Can ecosystem services be the bridge between Marine Protected Areas and Human Welfare?

Marine Protected Areas are an important policy approach for protecting marine biodiversity. The dominant reason for MPA development is environmental protection where marine species and habitats are spatially protected from 'damaging' activity'. They act as a insurance policy protecting biodiversity from future changes in the earths climate and act as reservoirs of biodiversity in the context of increasing use and industrialisation of the oceans. In the UK networks of MPA sites have been recently proposed in England and Scotland.

A new paper in the journal Marine Policy "Do marine protected areas deliver flows of ecosystem services to support human welfare?" based on a report from the Valuing Nature network explores how can the concept of ecosystem services can be linked to the development of MPAs. Ecosystem services are the goods and benefits that people derive from ecosystems, and include a range of benefits including provisioning services e.g. fisheries, marine plants and natural resources; regulatory services including absorption of CO2 and wastes; and cultural services such as recreation, sense of place, and education. Increasingly monetary values are attached to services in the provisioning and regulatory classes, representing the economic benefits derived from natural systems. A debate exists over how we can value cultural services through monetary or other qualitative means, but overall it is recognised that these services are critically important for society. MPAs can improve the delivery of services from marine systems as habitats and species, on which the flow of services depends, are improved or restored by the spatial protection and associated management measures. Clearly scale is an issue here.... small unconnected sites will deliver little while large ecologically coherent networks could provide substantial services to society.
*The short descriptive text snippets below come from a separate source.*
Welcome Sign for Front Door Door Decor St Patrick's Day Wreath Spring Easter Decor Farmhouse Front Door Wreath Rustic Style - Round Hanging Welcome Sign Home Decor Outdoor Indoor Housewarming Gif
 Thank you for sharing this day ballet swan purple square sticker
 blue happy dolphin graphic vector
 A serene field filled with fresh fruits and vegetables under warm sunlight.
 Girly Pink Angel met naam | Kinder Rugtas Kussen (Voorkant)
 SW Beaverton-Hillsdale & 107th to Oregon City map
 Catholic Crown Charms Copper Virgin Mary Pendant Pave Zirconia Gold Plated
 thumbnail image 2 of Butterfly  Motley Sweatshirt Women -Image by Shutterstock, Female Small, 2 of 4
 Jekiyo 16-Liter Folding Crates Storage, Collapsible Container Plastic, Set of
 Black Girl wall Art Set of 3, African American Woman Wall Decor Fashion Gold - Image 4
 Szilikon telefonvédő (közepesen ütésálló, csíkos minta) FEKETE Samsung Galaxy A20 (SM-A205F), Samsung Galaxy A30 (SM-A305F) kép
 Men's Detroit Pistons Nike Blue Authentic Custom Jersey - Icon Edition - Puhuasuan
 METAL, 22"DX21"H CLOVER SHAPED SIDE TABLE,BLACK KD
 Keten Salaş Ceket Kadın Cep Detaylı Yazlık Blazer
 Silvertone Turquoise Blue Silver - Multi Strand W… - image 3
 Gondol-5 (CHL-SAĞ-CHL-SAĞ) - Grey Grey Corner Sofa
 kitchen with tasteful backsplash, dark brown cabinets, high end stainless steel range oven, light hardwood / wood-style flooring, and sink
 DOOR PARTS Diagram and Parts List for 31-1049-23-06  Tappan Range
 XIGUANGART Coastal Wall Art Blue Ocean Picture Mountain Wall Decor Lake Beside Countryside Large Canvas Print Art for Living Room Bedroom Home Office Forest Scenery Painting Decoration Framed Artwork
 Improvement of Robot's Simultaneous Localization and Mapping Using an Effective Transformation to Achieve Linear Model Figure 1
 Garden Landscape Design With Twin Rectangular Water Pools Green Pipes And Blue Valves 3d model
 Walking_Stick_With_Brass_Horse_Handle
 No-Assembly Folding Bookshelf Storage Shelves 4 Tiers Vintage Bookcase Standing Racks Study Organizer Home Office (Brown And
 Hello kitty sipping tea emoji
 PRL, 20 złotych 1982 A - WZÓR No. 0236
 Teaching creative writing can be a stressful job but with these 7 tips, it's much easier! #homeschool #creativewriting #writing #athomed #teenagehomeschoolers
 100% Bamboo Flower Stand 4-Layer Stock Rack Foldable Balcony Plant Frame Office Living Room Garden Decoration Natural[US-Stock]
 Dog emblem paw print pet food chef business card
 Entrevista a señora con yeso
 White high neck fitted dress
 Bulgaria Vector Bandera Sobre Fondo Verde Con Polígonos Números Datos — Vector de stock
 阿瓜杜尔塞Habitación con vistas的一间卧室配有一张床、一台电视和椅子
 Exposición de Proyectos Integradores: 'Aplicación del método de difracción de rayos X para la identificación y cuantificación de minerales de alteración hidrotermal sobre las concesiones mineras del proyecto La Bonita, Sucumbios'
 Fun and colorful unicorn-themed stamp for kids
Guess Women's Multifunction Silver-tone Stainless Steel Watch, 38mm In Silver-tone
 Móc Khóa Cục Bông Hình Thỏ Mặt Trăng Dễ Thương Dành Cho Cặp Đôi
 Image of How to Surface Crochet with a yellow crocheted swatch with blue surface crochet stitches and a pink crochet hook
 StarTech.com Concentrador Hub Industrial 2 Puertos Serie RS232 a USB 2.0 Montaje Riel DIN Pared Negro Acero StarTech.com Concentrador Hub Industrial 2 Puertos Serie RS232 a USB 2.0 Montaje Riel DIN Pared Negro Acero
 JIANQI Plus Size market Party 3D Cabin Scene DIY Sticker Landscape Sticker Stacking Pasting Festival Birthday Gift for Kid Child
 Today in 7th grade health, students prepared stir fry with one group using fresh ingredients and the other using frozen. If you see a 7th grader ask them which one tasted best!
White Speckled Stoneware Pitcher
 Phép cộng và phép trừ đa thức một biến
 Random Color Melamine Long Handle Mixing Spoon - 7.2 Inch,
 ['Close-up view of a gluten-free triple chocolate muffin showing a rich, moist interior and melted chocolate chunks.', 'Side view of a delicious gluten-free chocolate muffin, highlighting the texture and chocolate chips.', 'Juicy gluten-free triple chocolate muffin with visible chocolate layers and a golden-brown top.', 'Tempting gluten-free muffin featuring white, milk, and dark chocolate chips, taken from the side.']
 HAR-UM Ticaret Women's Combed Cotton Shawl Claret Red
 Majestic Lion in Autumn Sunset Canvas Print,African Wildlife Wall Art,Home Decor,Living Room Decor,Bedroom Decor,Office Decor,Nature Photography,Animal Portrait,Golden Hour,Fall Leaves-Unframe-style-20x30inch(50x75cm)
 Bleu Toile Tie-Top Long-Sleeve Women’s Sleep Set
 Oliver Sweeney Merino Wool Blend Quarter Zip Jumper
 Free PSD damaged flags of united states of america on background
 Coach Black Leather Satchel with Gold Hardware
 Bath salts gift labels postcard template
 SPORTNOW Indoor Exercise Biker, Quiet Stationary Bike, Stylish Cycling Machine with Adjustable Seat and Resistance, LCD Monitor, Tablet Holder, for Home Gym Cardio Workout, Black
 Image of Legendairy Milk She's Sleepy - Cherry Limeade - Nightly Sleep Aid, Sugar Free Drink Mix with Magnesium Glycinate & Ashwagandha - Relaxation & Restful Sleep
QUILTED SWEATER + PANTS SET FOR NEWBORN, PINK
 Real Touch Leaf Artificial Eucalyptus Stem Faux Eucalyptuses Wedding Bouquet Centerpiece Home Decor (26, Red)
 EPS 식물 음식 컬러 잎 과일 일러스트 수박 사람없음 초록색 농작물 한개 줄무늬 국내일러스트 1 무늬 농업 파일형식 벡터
The paper takes the discussion over ecosystem services a step forward by identifying the specific services that are provided by marine habitats and species. It opens a debate on how marine protected areas can be managed - both in terms of their primary function for conserving biodiversity and in terms of providing a suite of services for human beings. While we are at an early stage in terms of understanding and capturing the concept of value from ecosystem services, acknowledging the contribution of MPAs in supporting human welfare is an integral step in building public support for their designation.